*Available data*
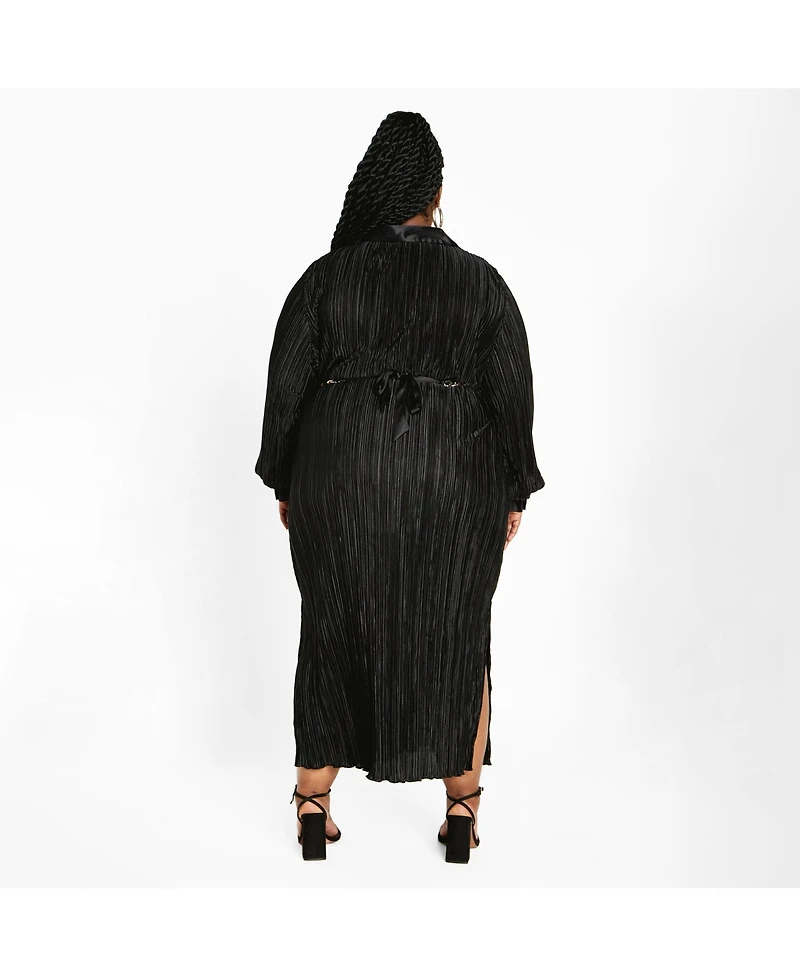 City Chic Women's Plus Andi Maxi Dress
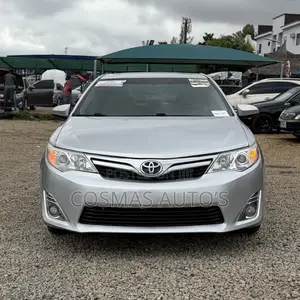 Toyota Camry XLE 4dr Sedan (2.5L 4cyl 6A) 2013 Silver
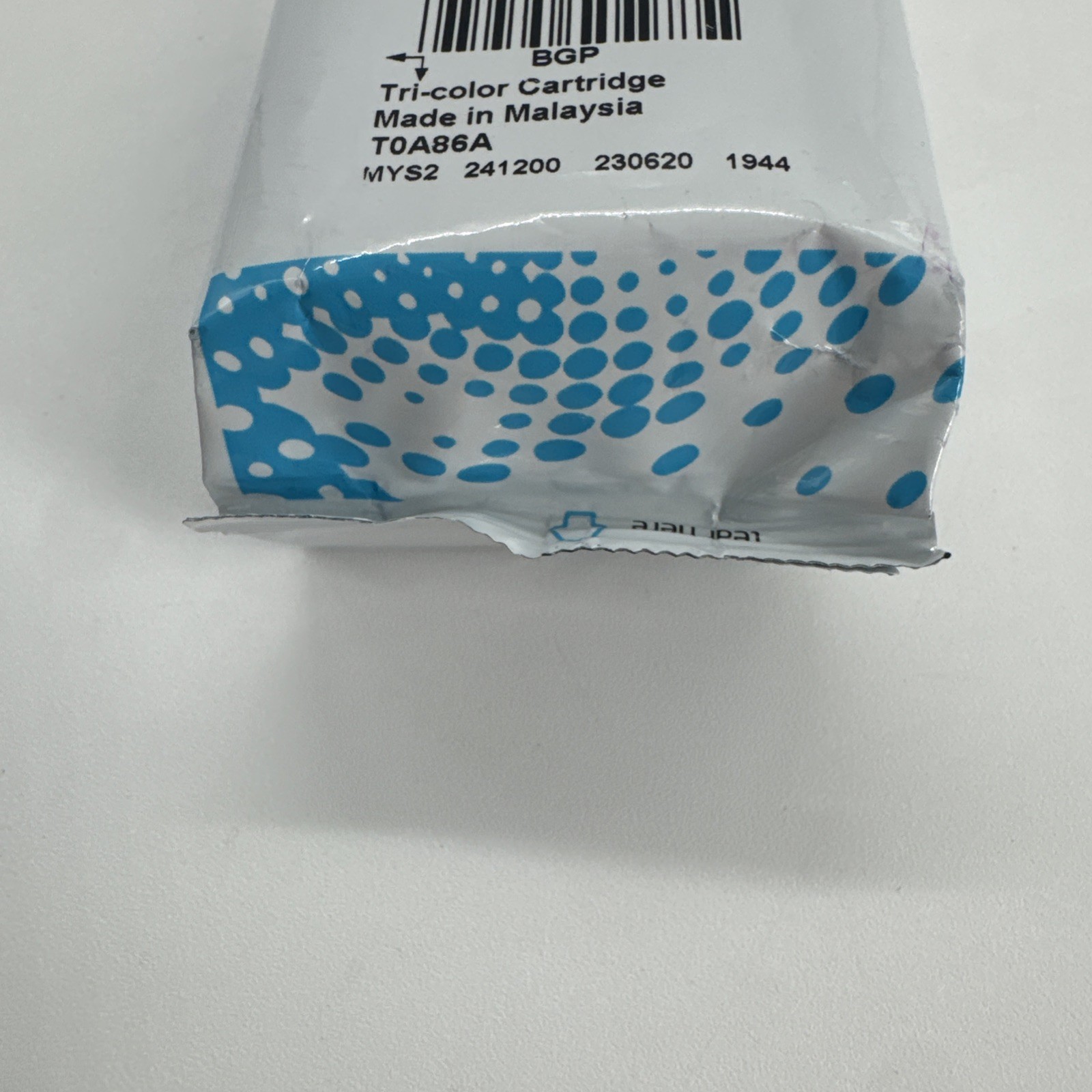 Genuine OEM Unopened HP 64/303/804 TRI-COLOR Ink Cartridge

*What you should do*
Apart from the pictures, every line of the material above is to be returned word for word.

*Task solution*
 City Chic Women's Plus Andi Maxi Dress
 Toyota Camry XLE 4dr Sedan (2.5L 4cyl 6A) 2013 Silver
 Genuine OEM Unopened HP 64/303/804 TRI-COLOR Ink Cartridge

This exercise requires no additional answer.